Davis County Apartments for Rent(hide county information)
Want a home where the buffalo roam? Check out Davis County, Utah; the animals who roam are actually bison, but the outlook here is positive. While some populations in the US are decreasing, Davis County is one area that’s growing; as of 2010 the population was 306,479, a 28 percent increase over the 2000 census.
The county was named for Daniel C. Davis, captain in the Mormon Battalion. Its county seat is Farmington and its largest city is Layton. The county covers a total area of 634 square miles, making it the smallest county in Utah; 329 square miles of it – more than 51 percent – is water.
Davis County includes Antelope Island, the largest of the Great Salt Lake’s nine islands covering 28,022 acres. The entire island is a state park, designated to protect wildlife on the island including bighorn sheep and pronghorn antelope. Deer, bobcats, coyotes, many varieties of birds and waterfowl also call the island home. But most famous are Antelope Island’s American Bison, introduced to the island in 1893 and now numbering approximately 600.

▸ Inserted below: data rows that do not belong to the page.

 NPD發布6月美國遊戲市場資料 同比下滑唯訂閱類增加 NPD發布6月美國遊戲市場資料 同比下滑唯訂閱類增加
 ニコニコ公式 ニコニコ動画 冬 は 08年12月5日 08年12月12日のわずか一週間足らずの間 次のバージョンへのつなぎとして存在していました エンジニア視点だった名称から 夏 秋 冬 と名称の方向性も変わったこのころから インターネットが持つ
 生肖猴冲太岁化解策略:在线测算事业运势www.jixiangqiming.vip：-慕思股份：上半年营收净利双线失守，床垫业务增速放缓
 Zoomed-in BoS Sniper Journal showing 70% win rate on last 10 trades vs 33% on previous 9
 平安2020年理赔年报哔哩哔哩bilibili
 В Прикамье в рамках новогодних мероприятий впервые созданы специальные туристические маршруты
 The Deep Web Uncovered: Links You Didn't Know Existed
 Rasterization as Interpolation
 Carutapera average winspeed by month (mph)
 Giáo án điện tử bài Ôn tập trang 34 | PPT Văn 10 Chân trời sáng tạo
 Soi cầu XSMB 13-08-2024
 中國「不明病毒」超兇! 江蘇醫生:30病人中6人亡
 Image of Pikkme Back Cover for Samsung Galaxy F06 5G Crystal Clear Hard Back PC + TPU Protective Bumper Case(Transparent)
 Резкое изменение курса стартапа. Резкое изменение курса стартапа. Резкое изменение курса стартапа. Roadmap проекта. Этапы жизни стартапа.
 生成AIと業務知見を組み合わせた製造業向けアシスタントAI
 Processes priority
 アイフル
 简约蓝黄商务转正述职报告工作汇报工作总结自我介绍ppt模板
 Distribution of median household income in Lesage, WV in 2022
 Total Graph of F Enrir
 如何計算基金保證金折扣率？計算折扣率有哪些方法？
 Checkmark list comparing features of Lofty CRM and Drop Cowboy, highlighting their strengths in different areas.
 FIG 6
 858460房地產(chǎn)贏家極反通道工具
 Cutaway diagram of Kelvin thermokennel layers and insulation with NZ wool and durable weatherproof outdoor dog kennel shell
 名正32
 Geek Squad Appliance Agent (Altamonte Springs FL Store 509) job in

The park is accessible by boat or automobile. The island offers white sand beaches, hiking, biking and horseback trails. Facilities include a marina that serves power boats, sailboats and kayaks; a beach picnic area; and camping areas for RVs and tents, with water and showers. A restaurant is available on the island and concessionaires provide other limited goods and services.
Farmington was designated as Davis’ county seat because of its geographic location midway between boundaries at the Weber River on the north and the Jordan River on the south. During its first 50 years, Davis County grew slowly; but with the establishment of Hill Air Force Base in northern Davis County, there was a surge of civilian employment after World War II. The Air Force Base accounts for about 12 percent of the economy of Davis County, dominating other income sources. Earnings of civilians at Hill are almost double the state average.
The county doubled in population between 1940 and 1950, and doubled again between 1950 and 1960 as part of the nationwide suburb boom that was occurring at the time. By 2030, the population of Davis County is projected to be approximately 360,000.